When you copy the data that follows, reproduce every word exactly and leave out the images.

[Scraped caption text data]
────

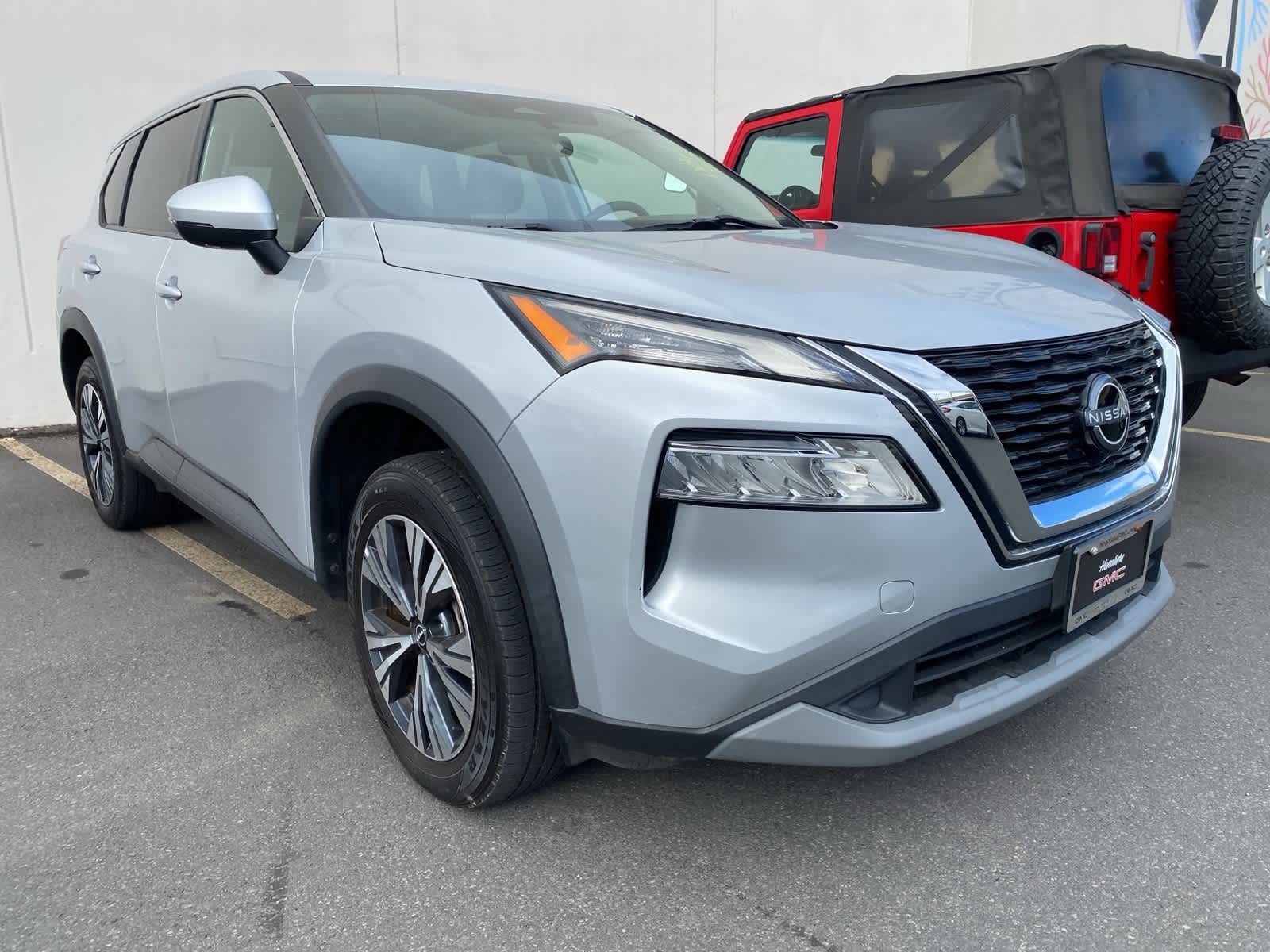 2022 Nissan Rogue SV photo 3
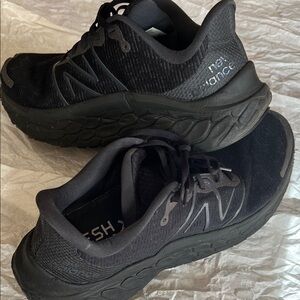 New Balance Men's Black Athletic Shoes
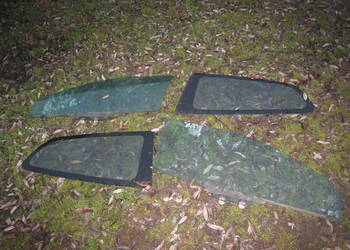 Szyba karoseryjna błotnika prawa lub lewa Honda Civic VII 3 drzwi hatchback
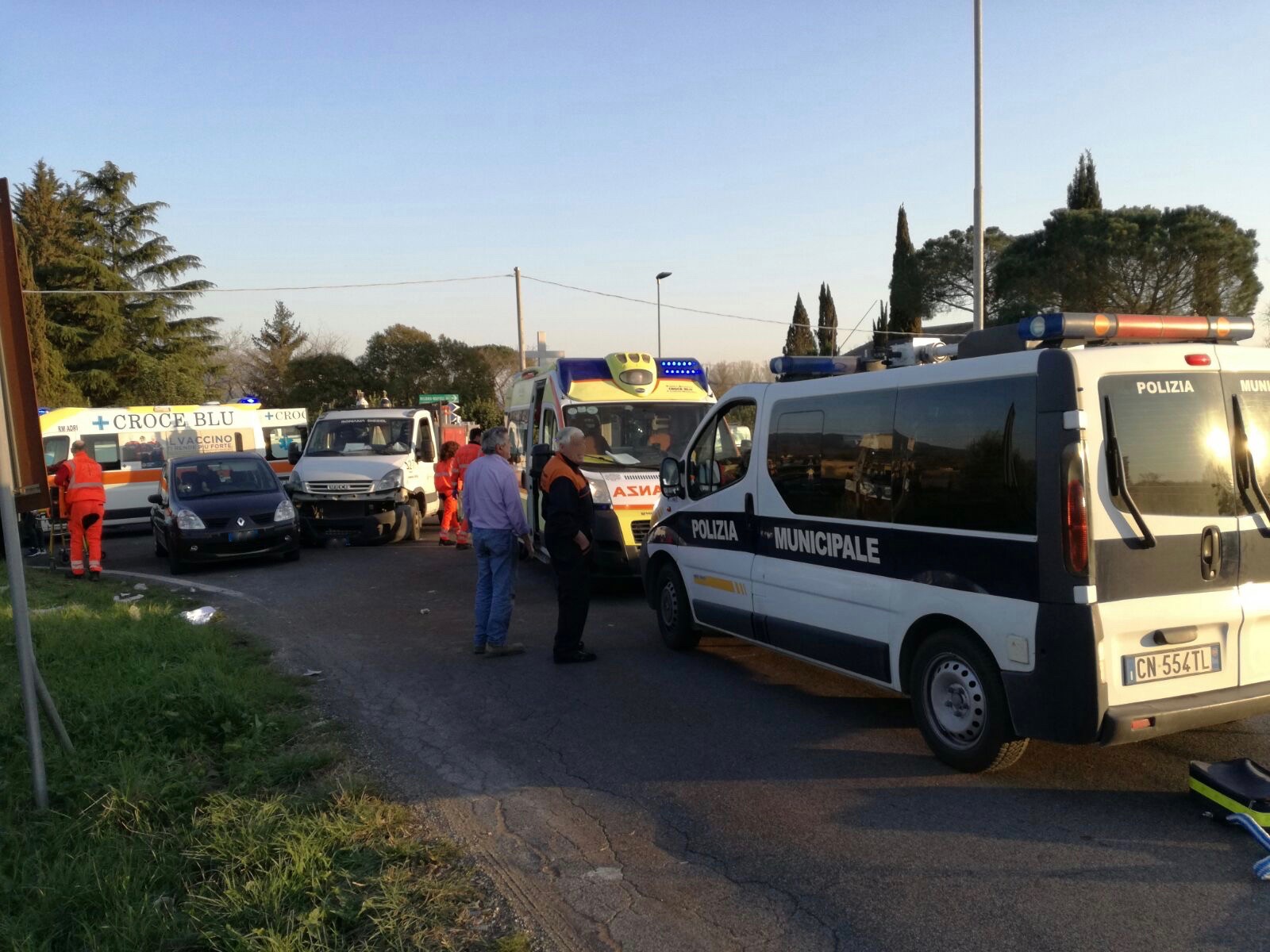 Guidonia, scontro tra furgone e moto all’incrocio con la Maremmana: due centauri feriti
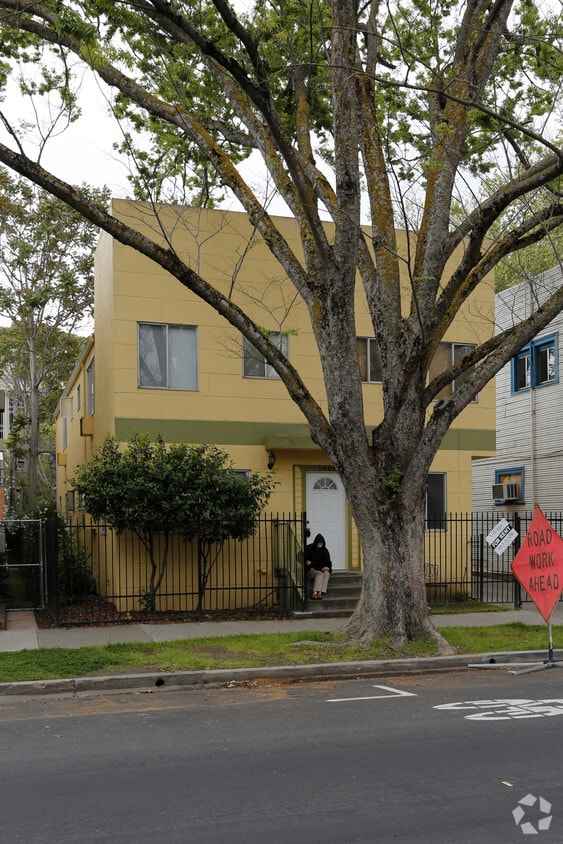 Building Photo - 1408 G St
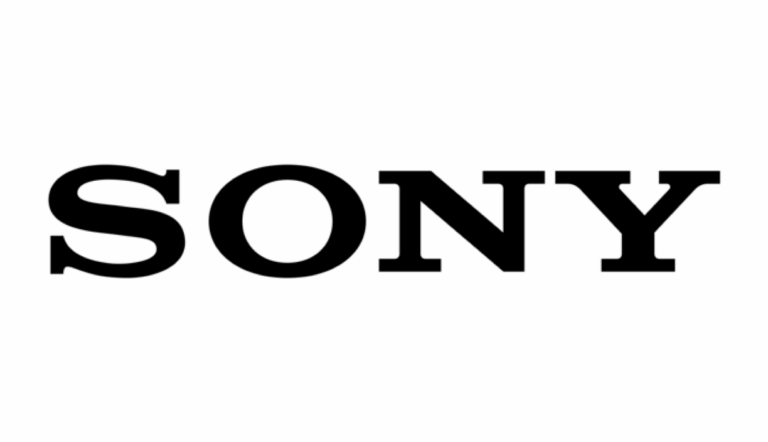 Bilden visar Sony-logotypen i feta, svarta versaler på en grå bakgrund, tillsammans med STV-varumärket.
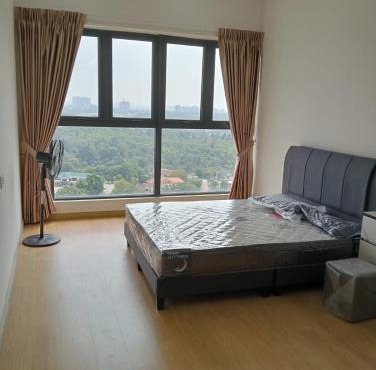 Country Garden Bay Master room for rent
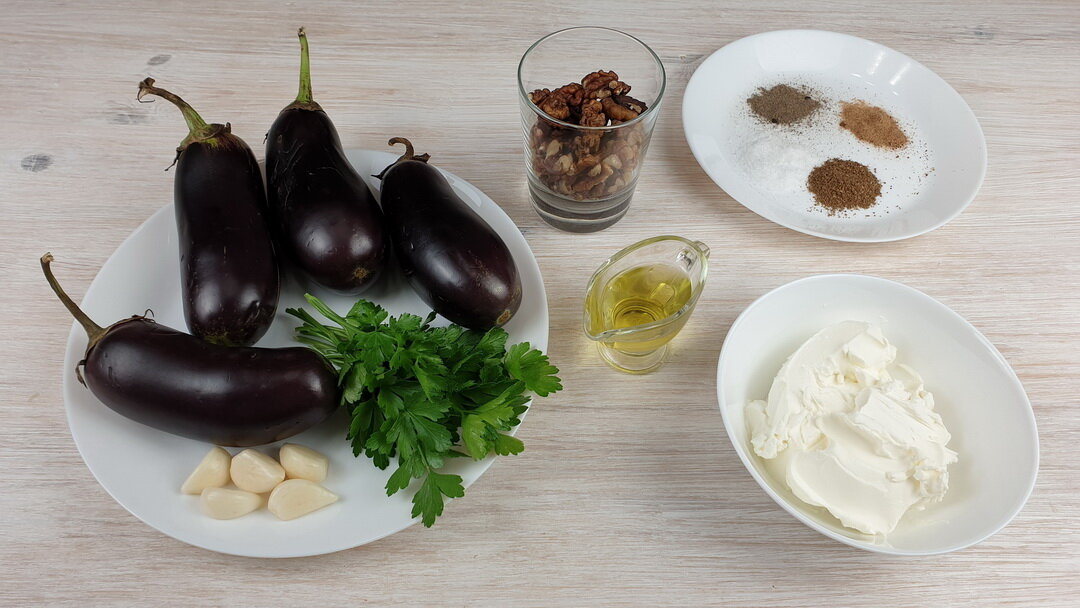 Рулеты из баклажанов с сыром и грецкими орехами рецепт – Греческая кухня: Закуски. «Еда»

────

SOLUTION BELOW:
 2022 Nissan Rogue SV photo 3
 New Balance Men's Black Athletic Shoes
 Szyba karoseryjna błotnika prawa lub lewa Honda Civic VII 3 drzwi hatchback
 Guidonia, scontro tra furgone e moto all’incrocio con la Maremmana: due centauri feriti
 Building Photo - 1408 G St
 Bilden visar Sony-logotypen i feta, svarta versaler på en grå bakgrund, tillsammans med STV-varumärket.
 Country Garden Bay Master room for rent
 Рулеты из баклажанов с сыром и грецкими орехами рецепт – Греческая кухня: Закуски. «Еда»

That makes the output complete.